TRY IT: Write the listing out again word for word, skipping each picture.

DATA SEGMENT:
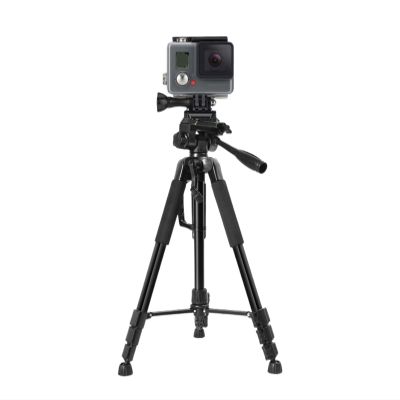 LHXEQJAM 59 inch Camera Tripod Travel Stand Lightweight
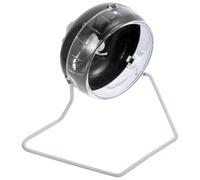 iplusmile Roue d'exercice pour Gerbilles, Roue de Hamster Silencieuse Support Réglable Antidérapant, PP, pour Hamster et Gerbille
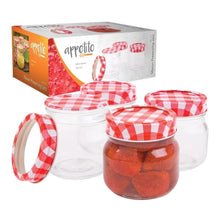 Load image into Gallery viewer, Appetito: Mason Preserving Jars 250ml (Set of 6) - D.Line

FINAL ANSWER:
 LHXEQJAM 59 inch Camera Tripod Travel Stand Lightweight
 iplusmile Roue d'exercice pour Gerbilles, Roue de Hamster Silencieuse Support Réglable Antidérapant, PP, pour Hamster et Gerbille
 Load image into Gallery viewer, Appetito: Mason Preserving Jars 250ml (Set of 6) - D.Line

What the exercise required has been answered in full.